And there was the “or that…” that had worried him. A copycat. Someone who knew Billy’s crimes well.
But the most likely copycat, everyone would assume, would be none other than Billy Dent, Jr., also known as Jasper Francis Dent. Maybe Howie was wrong—maybe that was a good serial killer name after all.
Jazz wet his lips; it took him almost a minute to find his breath, to say the words he didn’t want to say. But he had to know.
“You don’t think I did this, do you, G. William?”
“I don’t want to think that.” The sheriff sounded like he was trying to convince someone. Himself? Or Jazz?

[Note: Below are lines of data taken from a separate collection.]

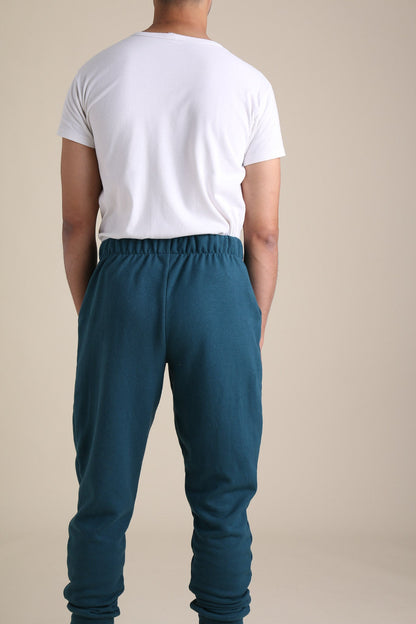 Joggers (Updated) in Marine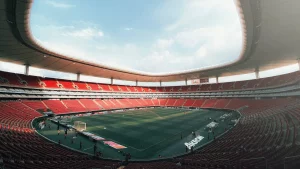 Estadio Akron Mundial Guadalajara
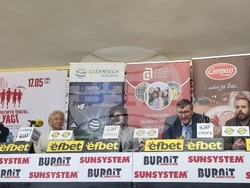 Ивана Каменова, Мария Гроздева, Гичка Кутова-Каменова, Георги Глушков, Лъчезар Коцев /БТА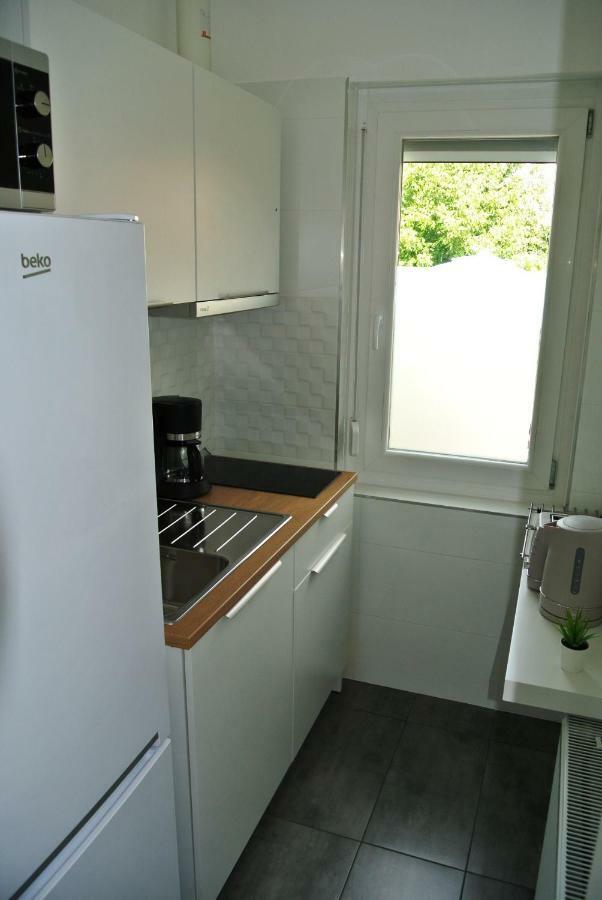 B12 Apartment Budapest Extérieur photo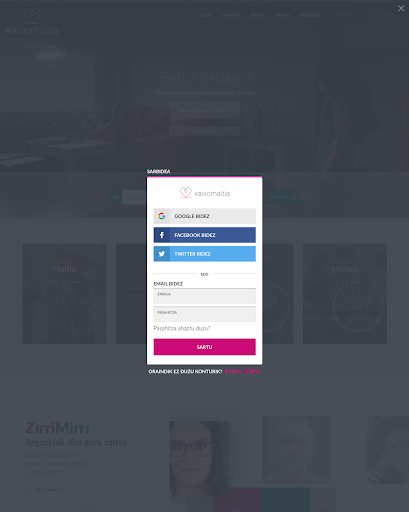 Kaixomaitia Screen 3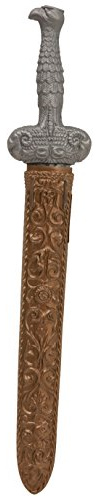 viving Kostüme viving costumes201520 Roman Sword (50 cm, One Size)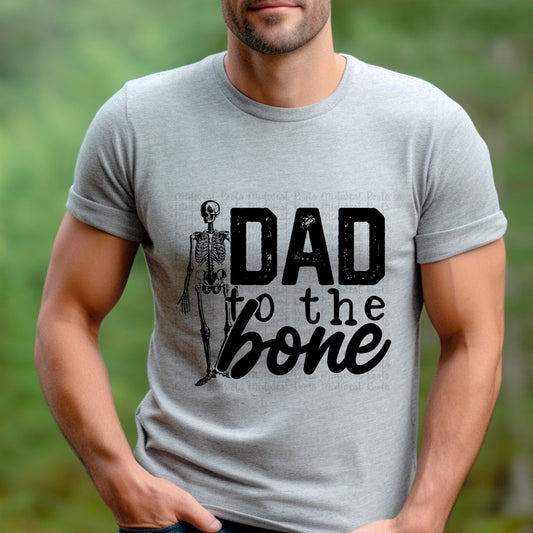 Dad To The Bone Top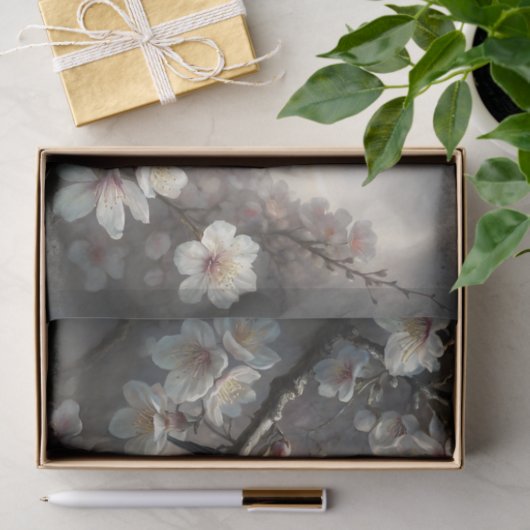 Abend Whisper Decoupage Seidenpapier (Geschenk)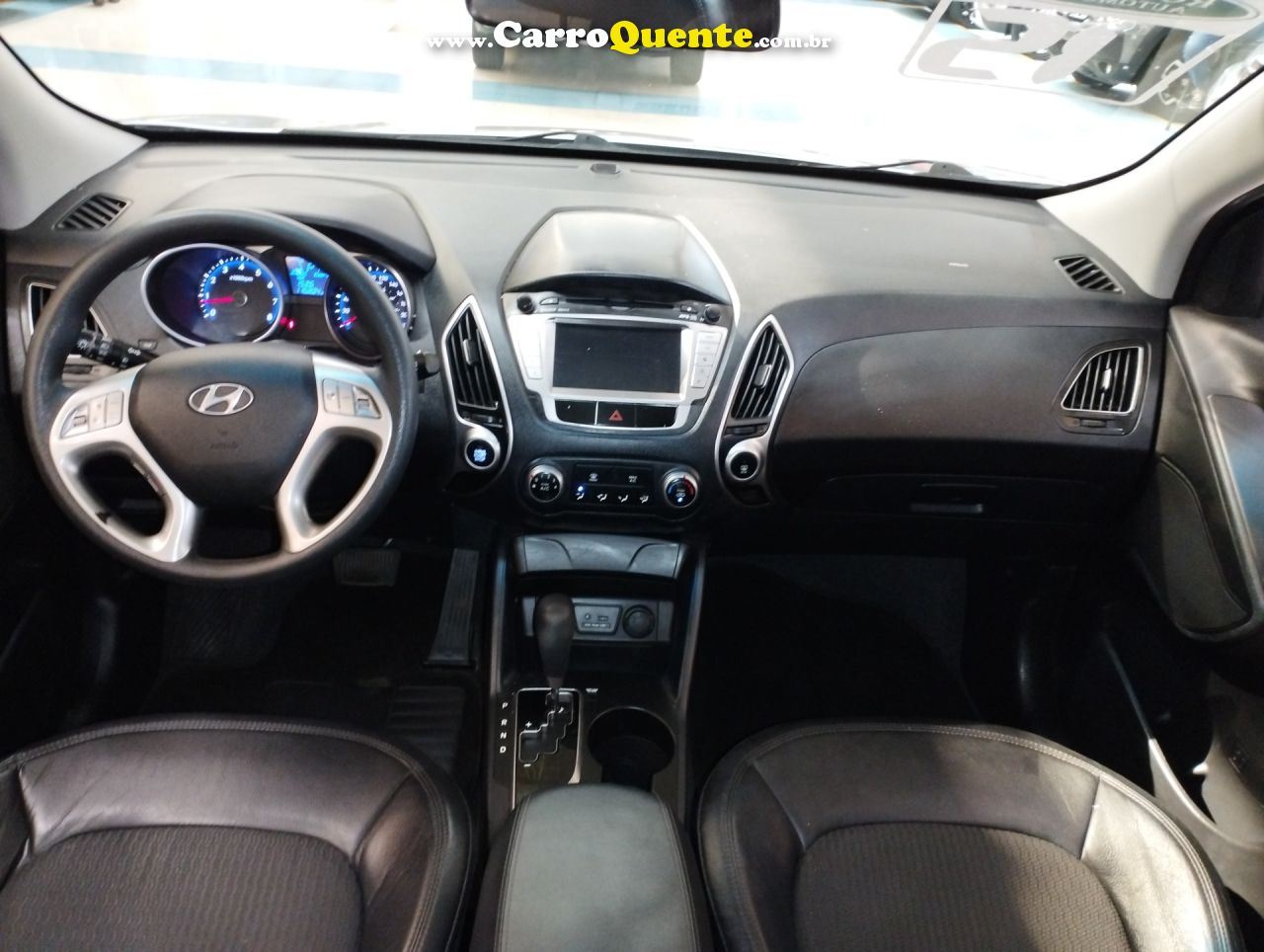 HYUNDAI IX35 2.0 MPFI GLS 16V 2015 - Loja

“That…didn’t really answer my question.”
G. William sat up straight and strummed a jaunty little rhythm on the desk, totally out of nowhere, completely unsuited to the moment. “Plenty of people out there know all sorts of things about your dad’s crimes, Jazz. You’re pretty far down on my suspect list.”
Ah. “But I’m still on it.”
G. William snorted. “If my mama was alive, she’d be on my list until I could clear her. You know how this goes, Jazz.”
Yes, Jazz knew how it went, but it didn’t make him feel any better. He couldn’t allow the niceties and vagaries of police procedure to lull him into complacency. G. William’s opinion was fine, but pretty soon this would be bigger than the sheriff of Lobo’s Nod. There would be a task force, and reporters, and all the usual nonsense. And sooner or later—probably sooner; probably way too soon for comfort, really—someone would say, You know what? Why are we spending all this time looking for some mystery man when the most likely candidate is over at the high school, dressed like a Puritan and screaming to the rafters about the blood on his head?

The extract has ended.